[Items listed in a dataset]
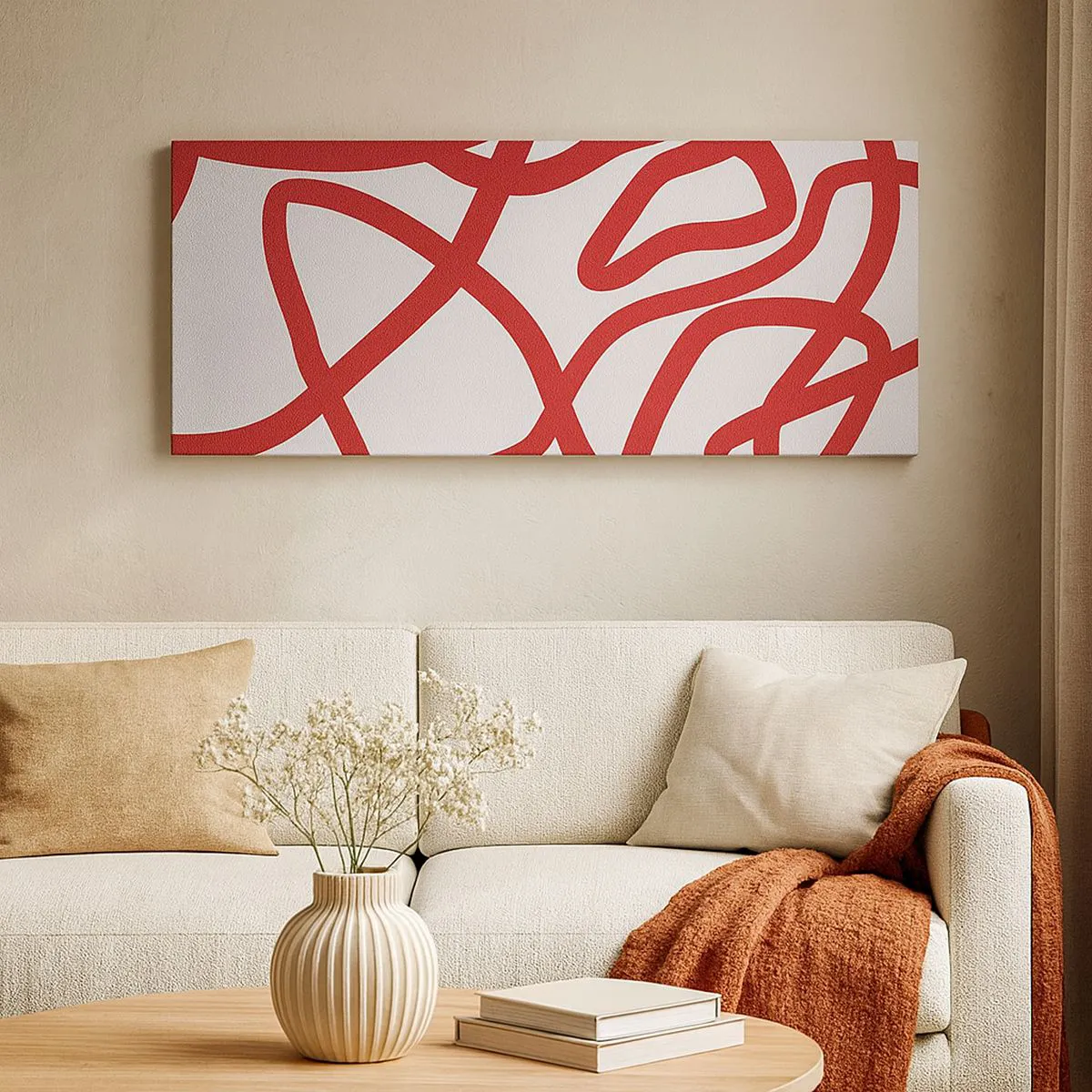 Bild auf Leinwand - Leinwandbild - Rote abstrakte Linien auf weißem Hintergrund - 120x50cm - Rot auf Weiß - Moderne Wanddekoration für Wohnzimmer und Schlafzimmer ARTTOR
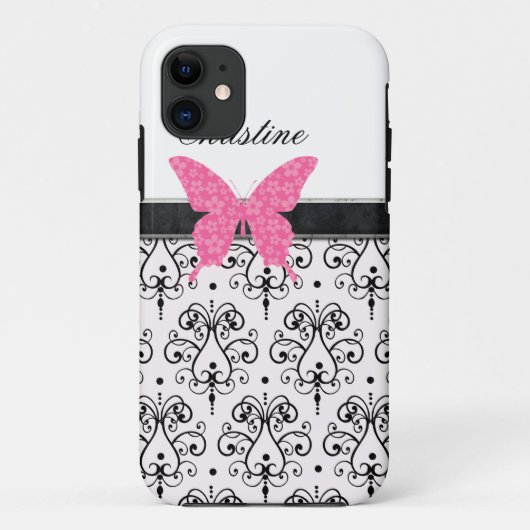 iPhone Case Blue Bow Monogrammed (Achterkant)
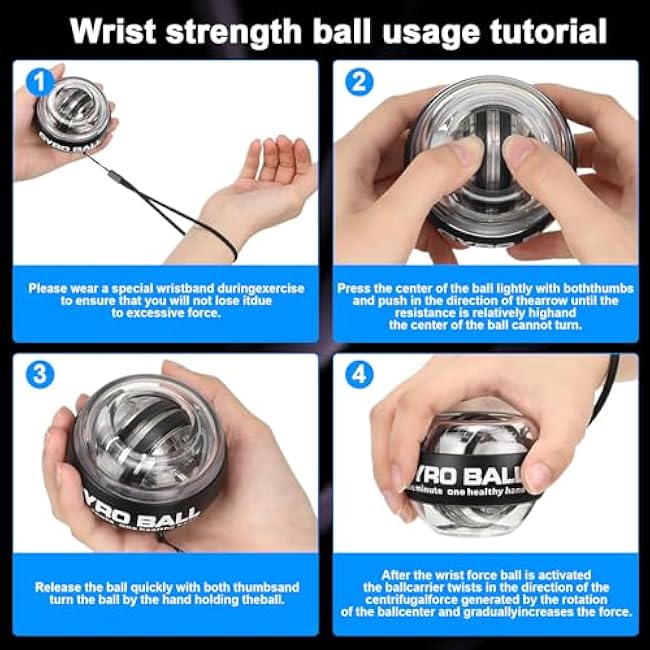 Curaball Hand Exerciser & Power Ball Hand Exerciser - Adjustable Resistance for Strengthening Fingers, Wrists & Arms -Includes Digital Counter & Portable Case (1)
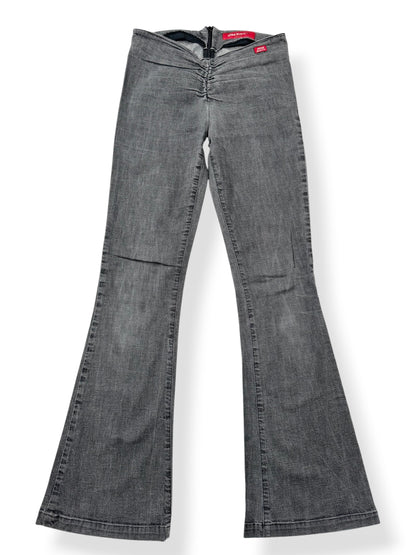 Miss Sixty Grey Denim Ruched Flared Jeans ♡ 25”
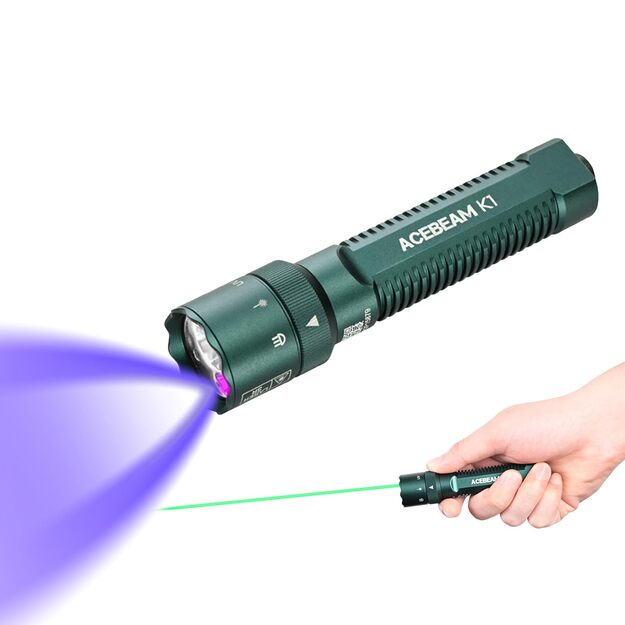 Acebeam K1 фонарь с УФ-светом и лазерной указкой, green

◆ TASK ITEM
The response consists of the data above printed line for line, with no pictures.

◆ SOLUTION TO THIS TASK
 Bild auf Leinwand - Leinwandbild - Rote abstrakte Linien auf weißem Hintergrund - 120x50cm - Rot auf Weiß - Moderne Wanddekoration für Wohnzimmer und Schlafzimmer ARTTOR
 iPhone Case Blue Bow Monogrammed (Achterkant)
 Curaball Hand Exerciser & Power Ball Hand Exerciser - Adjustable Resistance for Strengthening Fingers, Wrists & Arms -Includes Digital Counter & Portable Case (1)
 Miss Sixty Grey Denim Ruched Flared Jeans ♡ 25”
 Acebeam K1 фонарь с УФ-светом и лазерной указкой, green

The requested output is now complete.